Dante and Virgil descend to the second circle, this one smaller than the first. This is the actual beginning of Hell where the sinners are punished for their sins. Dante witnesses Minos, a great beast, examining each soul as it stands for judgment.
Minos hears the souls confess their sins, and then wraps his tail around himself to determine the number of the circle where the sinner belongs. Minos tells Dante to beware of where he goes and to whom he turns. Minos cautions Dante against entering, but Virgil silences him, first by asking him why he too questions Dante (as Charon did), and then by telling him, in the same words he used to tell Charon, that it was willed, and what is willed must occur. (The word "Heaven" is not used, here or anywhere else in Hell.)
Dante beholds a place completely dark, in which there is noise worse than that of a storm at sea. Lamenting, moaning, and shrieking, the spirits are whirled and swept by an unceasing storm. Dante learns that these are the spirits doomed by carnal lust. He asks the names of some that are blown past, and Virgil answers with their names and some knowledge of their stories.

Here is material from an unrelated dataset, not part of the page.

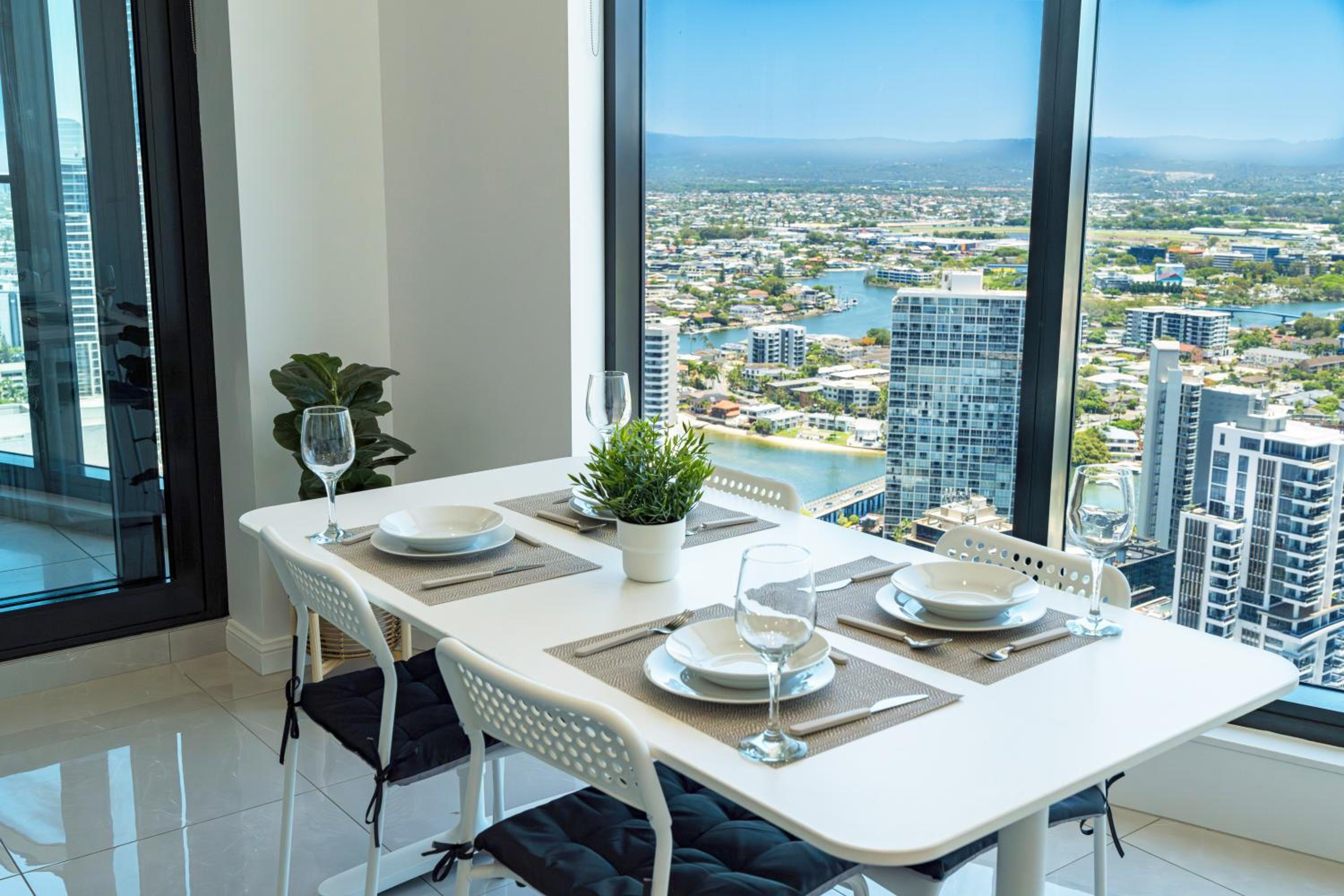 In the heart of Surfers Paradise oceanview cozy 1B Apt 34F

Dante then asks particularly to speak to two sinners who are together, and Virgil tells him to call them to him in the name of love. They come, and one thanks Dante for his pity and wishes him peace, and she then tells their story. She reveals first that a lower circle of Hell waits for the man who murdered them. With bowed head, Dante tells Virgil he is thinking of the "sweet thoughts and desires" that brought the lovers to this place. Calling Francesca by name, he asks her to explain how she and her lover were lured into sin.
Francesca replies that a book of the romance of Lancelot and Guinevere caused their downfall. They were alone, reading it aloud, and so many parts of the book seemed to tell of their own love. They kissed, and the book was forgotten. We read no more that day.
During her story, the other spirit weeps bitterly, and Dante is so moved by pity that he also weeps—and faints.